O também atual presidente da Assembleia Municipal de Penacova justificou a conferência de imprensa por considerar que o comunicado do município sobre o relatório de contas de 2021 ter como intenção “atentar contra o caráter das pessoas”, nomeadamente o seu executivo.

Nessa nota, a Câmara de Penacova, no distrito de Coimbra, dá conta de que registou 6,1 milhões de euros de dívidas e 1,9 milhões de euros de resultados negativos em 2021, uma situação financeira que o seu presidente, Álvaro Coimbra, eleito nas últimas autárquicas pelo PSD, considerava “extremamente preocupante”.

“Sentimo-nos na obrigação de reagir”, disse Humberto Oliveira, afirmando que a dívida não é de 6,1 milhões de euros, mas o passivo é que se cifra nesses valores.

A dívida a curto prazo (a fornecedores, entre outros) foi de 570 mil euros em 2021 e a dívida a entidades bancárias (de longo prazo) situava-se em 2,46 milhões de euros, havendo, assim, uma dívida global de cerca de três milhões de euros, frisou.

“A dívida de longo prazo não foi gasta a nosso bel-prazer, em festas e festinhas. Foi investimento em obras em Penacova”, vincou.

Sobre as despesas comprometidas ou não faturadas, Humberto Oliveira explicou que essas rubricas dizem respeito a valores de empreitadas em curso ou a compromissos, como é o caso do contrato plurianual com a EDP.

O antigo autarca salientou que a Câmara tem um capital próprio de 42 milhões de euros e um saldo de gerência de 1,1 milhões de euros, ao contrário dos 93 mil euros que tinha quando entrou na Câmara em 2009, conquistando-a, na altura, ao PSD.

O antigo presidente da Câmara admitiu que o município tem de fazer um esforço de ajustamento em relação aos resultados líquidos (que, em 2021, foram de 1,9 milhões de euros negativos), mas apontou para a saída da Empresa Intermunicipal de Ambiente do Pinhal Interior (APIN) como oportunidade para melhorar esse aspeto, ao aumentar o tarifário da água.

“O aumento dos preços ao consumidor é a solução. Não há outra”, apontou.

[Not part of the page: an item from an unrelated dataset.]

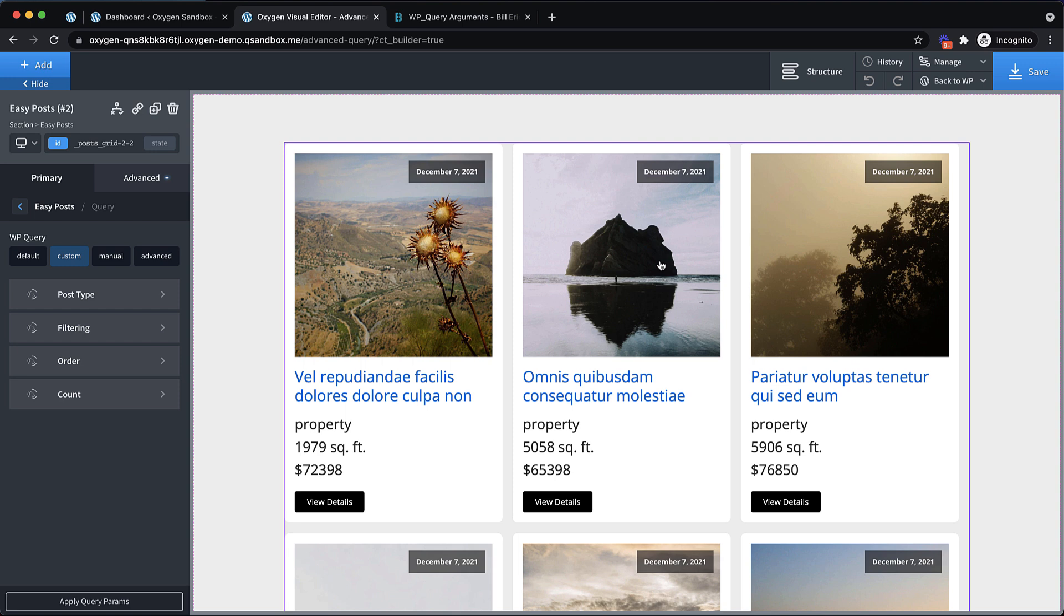Hey, this is Elijah with the Oxygen team. In this video, we're going to be taking a closer look at Oxygen's Advanced Query feature.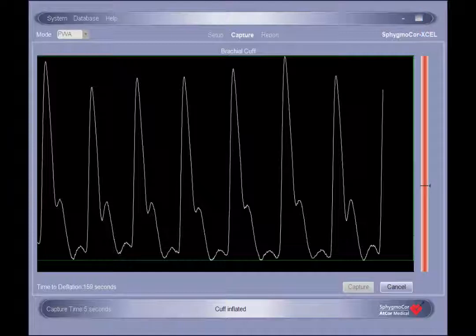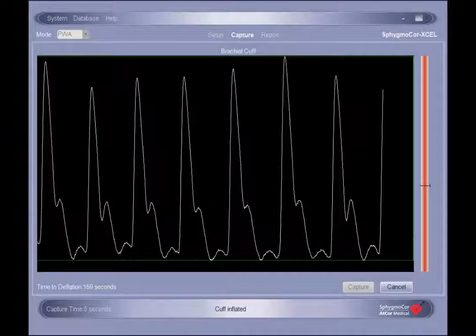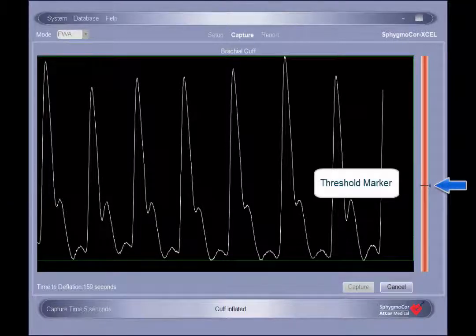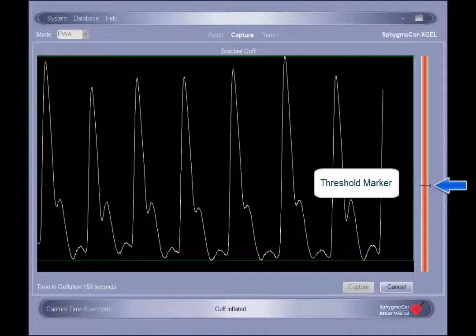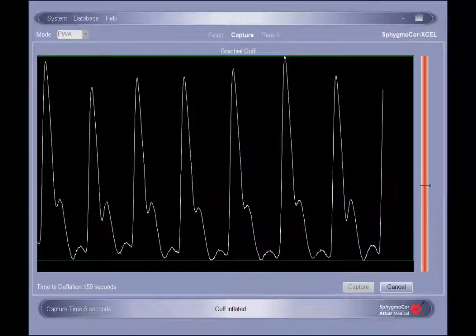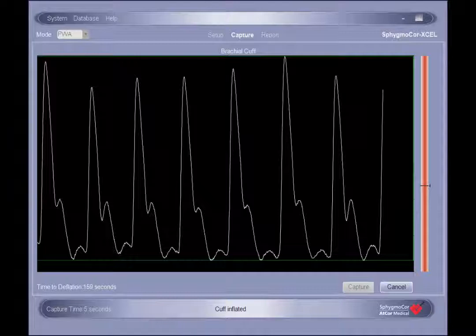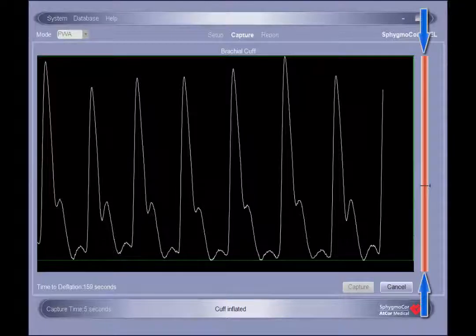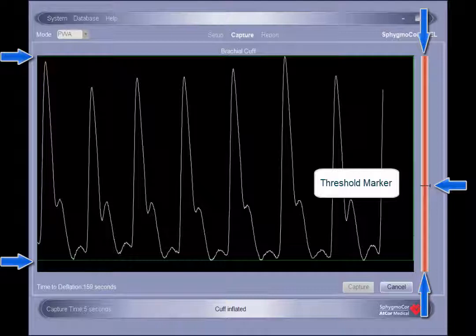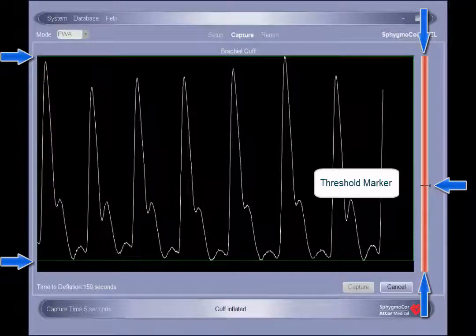When one of the horizontal bars turns green, it is an indication that the consistency of that feature is most likely acceptable. The column to the right of the capture screen has a threshold marker that indicates the preferred minimal signal amplitude. The SphigmaCore XL system requires a minimum of 5 seconds of reproducible waveforms. When the signal strength indicator is above the threshold marker and both horizontal guidance bars are green, the software will automatically capture the waveforms and generate a report.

Humberto Oliveira, numa conferência de imprensa em que se fez acompanhar pelos antigos vereadores do seu anterior executivo, vincou ainda que a dívida da Câmara de Penacova até pode aumentar “para os cinco ou seis milhões de euros”, que há muita obra que o concelho precisa.

Em resposta à agência Lusa, a Câmara de Penacova afirmou que o município registou um passivo de 6,1 milhões de euros em 2021, “um aumento de 43,2% face a 2020” (a 15 de abril tinha falado em 6,1 milhões de euros de dívidas).

“A Câmara de Penacova aprovou o relatório de gestão e contas de 2021 baseado exatamente nos mesmos critérios que o anterior executivo, do Partido Socialista, usou para fazer aprovar o relatório de gestão e contas de 2020”, salientou, frisando ainda que o resultado líquido negativo em 2021 foi de quase dois milhões de euros.